## WHAT YOU ARE ASKED TO DO
Leave out every picture, and return exactly the lines from the line containing "Flügeltürenschrank BEXXSTAR, 6" through the end of the records below, both inclusive.

## DATA RECORDS
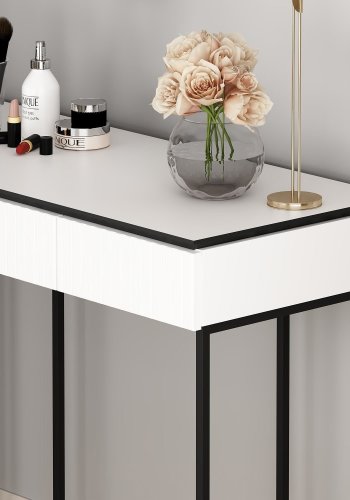 FUNZI LIVING Plus sminkebord, m. 2 skuffer og 2 speil - hvit melamin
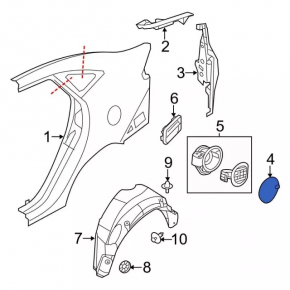 Fuel filler flap Ford Fiesta 11-19 4d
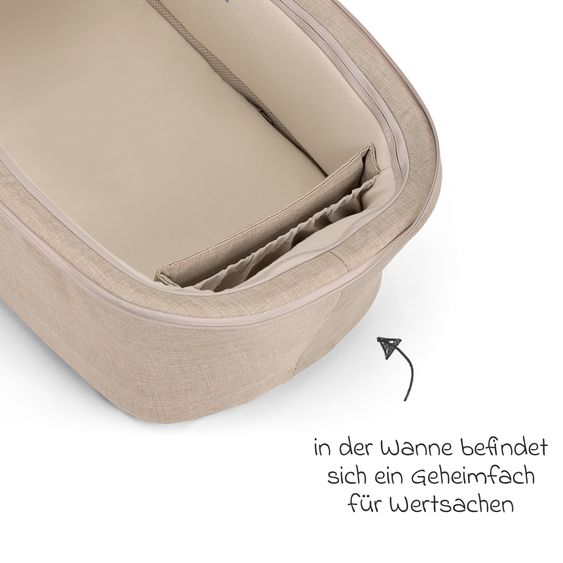 Nuna 2in1 baby carriage set DEMI next up to 22 kg with carrycot, adapter, raincover & play animal - Biscotti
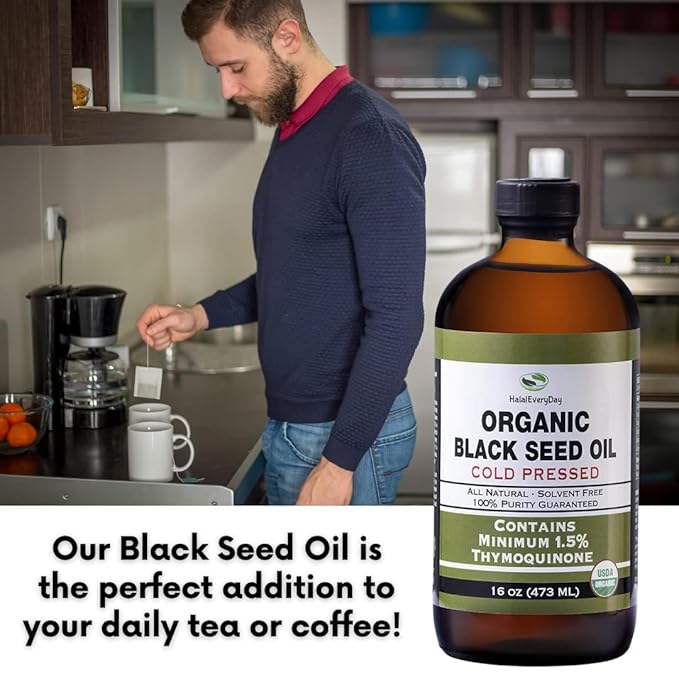 HalalEveryDay Organic Black Seed Oil - USDA Certified Cold Pressed Glass Bottle Over 1.5% Thymoquinone 3X Strength Turkish Black Cumin Nigella Sativa Non-GMO 100% Pure Blackseed Oil (Capsules)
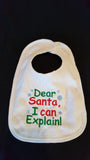 Dear Santa I Can Explain Custom Embroidered White Terry Cloth Baby Bib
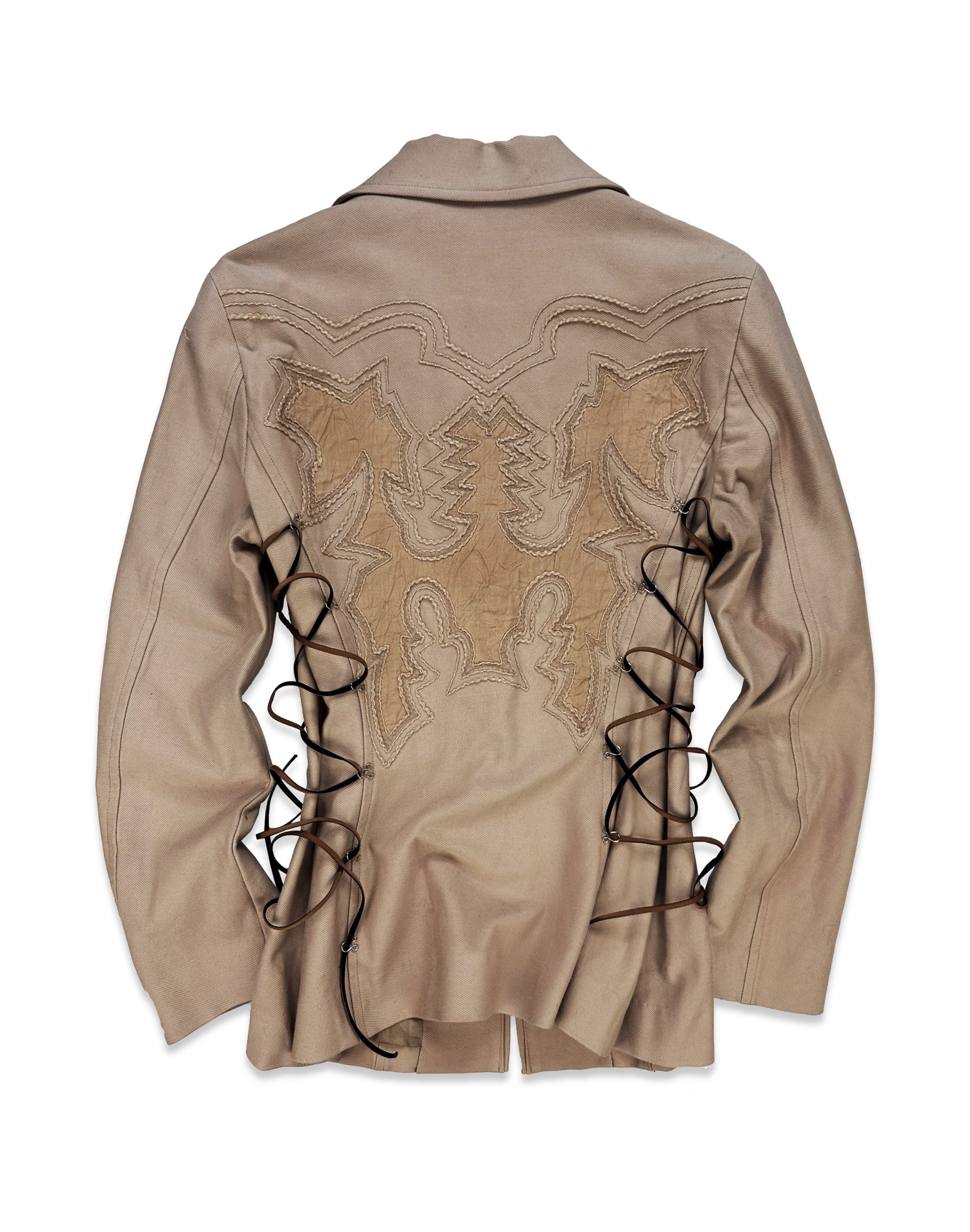 00s Issey Miyake ‘Abstract’ Embroidered Corset Half-Zip Jacket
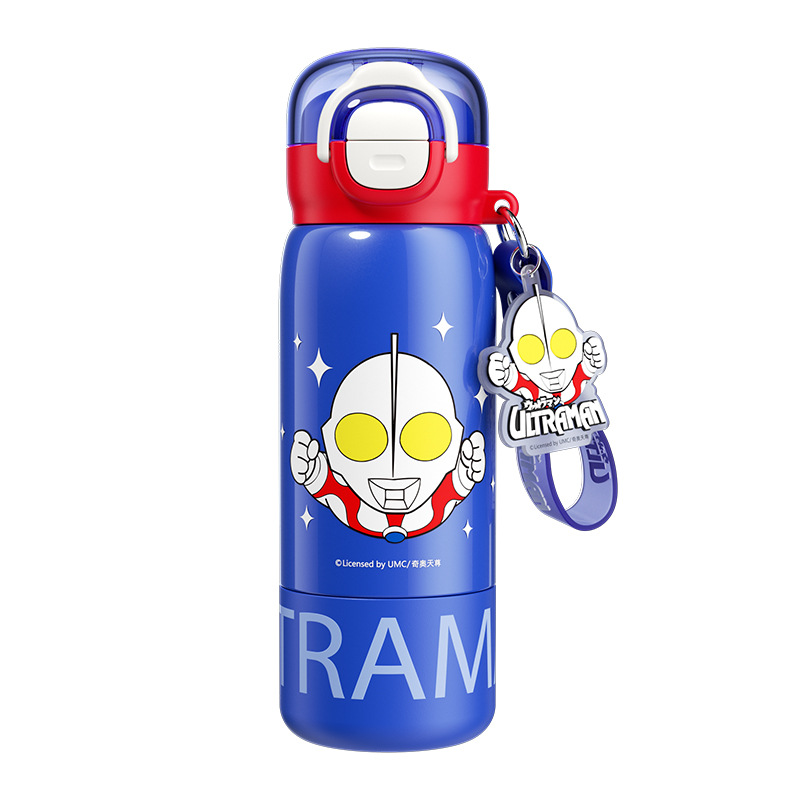 The classic Ultraman Family series fun insulated cup features a silk-screened body and a sturdy handle for easy carrying. It is a double drinking cup Item Picture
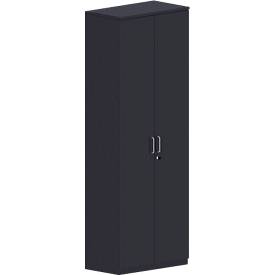 Flügeltürenschrank BEXXSTAR, 6 Ordnerhöhen, Holztüren, H 2225 mm, schwarz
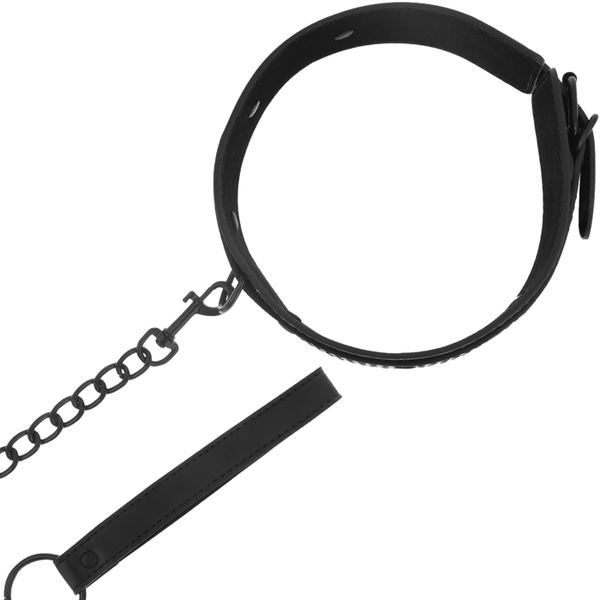 Intense fetish collar de cuero vegano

## OUTPUT BELOW
 Flügeltürenschrank BEXXSTAR, 6 Ordnerhöhen, Holztüren, H 2225 mm, schwarz
 Intense fetish collar de cuero vegano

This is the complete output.